Even now, I don’t think there’s anything wrong with that. That’s just life really, miniaturized and making you see just how things are. But Marin is … she was different. At the beginning of Awakening, Marin is the one that saves you. She nurses you back to health at her and her father Tarin’s hut. She sings songs in the Animal Village and it’s her song that helps you progress past the Walrus. And all you have to do, in exchange, is spend time with her. That’s it. You fool around with her in Mabe Village, falling down a well, playing the Trendy Game, and eventually talking on the side of the beach where she found you the first time … and you almost talk about real feelings.

Even when you do have to save her on Tal Tal Heights, she almost tells you something important: something that isn’t part of waking up the Wind Fish. By the time the game is almost over, she will teach you “The Ballad of the Wind Fish” and ask that you remember her when you leave the Island, as she will never forgive you if you forget her.

Of course, you always discover the truth: that Koholint Island was created from the dream of a primordial and powerful being known as the the Wind Fish, and that once the Nightmares keeping it asleep are defeated, it will awaken and the Island and everyone on it will cease to exist.

In the end, when I look back on the game now Marin, the girl who saved Link, and never asked anything from him aside from spending some time with her … also never existed. At least Midna exists somewhere in the Twilight Realm. In many ways for Link, it’s so much worse than someone you love being dead, than not being in the same reality anymore, than your Princess even being in another Castle.

I’m a lot older now, obviously, since the first time I played this game … since even the first couple of times I played it. I can refer, roughly, to a Japanese sentiment of mono no aware: an understanding of the beauty of sadness in the transitory nature of things. I can also go into some Classical Western thought and look at a woman representing the wisdom that a man gains when he ultimately loses her, especially by his own hand: as Link did when he beat all Eight Nightmares, and used the song that Marin taught him to awaken the Wind Fish.
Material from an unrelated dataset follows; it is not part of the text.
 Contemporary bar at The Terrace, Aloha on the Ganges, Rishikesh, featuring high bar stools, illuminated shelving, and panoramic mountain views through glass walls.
Yeah. Even now, I’m still not comfortable with either thought: that Marin had to cease to exist, that she had never existed, so that Link could complete his own awakening as a whole person away from Zelda … before, you know, presumably returning to Hyrule and reaffirming the cycle all over again. Hell, Marin even looked like Zelda, when it comes right down to it.
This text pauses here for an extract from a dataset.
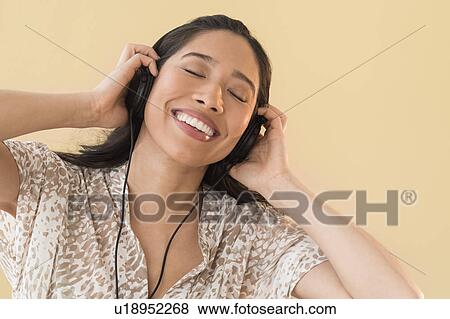 Young woman listening to music View Large Photo Image Stock Photo - Young woman listening to music. Fotosearch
That was my final koan, really, as we all finished high school. What did it mean when you met someone — when Link meets someone who helps him, who just wants to spend time with him in exchange and ends up never existing? Is gaining and losing someone like her the only way he could be free? And was he truly free? I used to dream about it, at times, even when I fell asleep in front of my laptop playing the “Sword Search” theme of Link’s Awakening: the song making me think of a Link who had gone old and grey, who’d retired from adventuring, who had put the Master Sword away for his successors, and dozed on his front porch remembering bygone days when he was a hero and he persevered, and had many quests. I wondered if sometimes, in his sleep, he thought about a seagull singing her song across the world. I wondered if, in his sleep, he ever murmured her name, after all that time.
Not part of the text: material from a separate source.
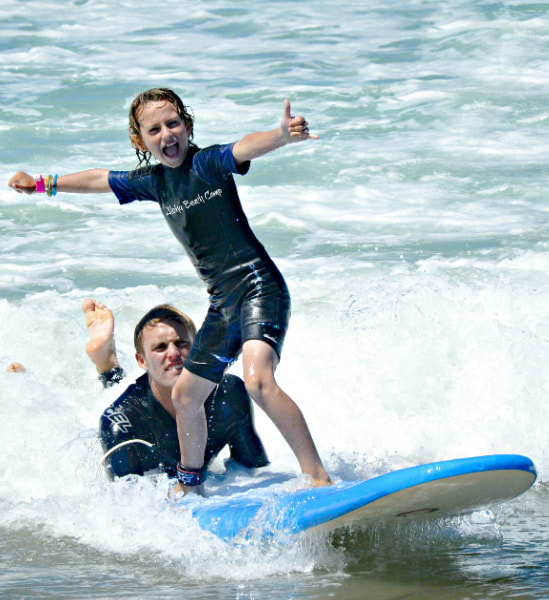 Boy learning to surf with his camp counselor surf instructor at Aloha Beach Camp in Oahu, Hawaii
I was a very angry kid back then. Like I said, the game was never nostalgic. For me, it always reminded me of the present. And when the present became the past after a while, and I got tired of playing and watching playthroughs past 5 am, I put the game away, and moved onto other things.

The thing about a game is that when it frustrates you, it generates the opposite of a Zen state. And it’s in that negativity, when you can’t solve that part, that sometimes you need to step away and do something else for a while. Maybe one day, after I’ve played some other games, I will return to this one, searching across an invisible shore, an ephemeral beach. And maybe then, I’ll finally find the answer.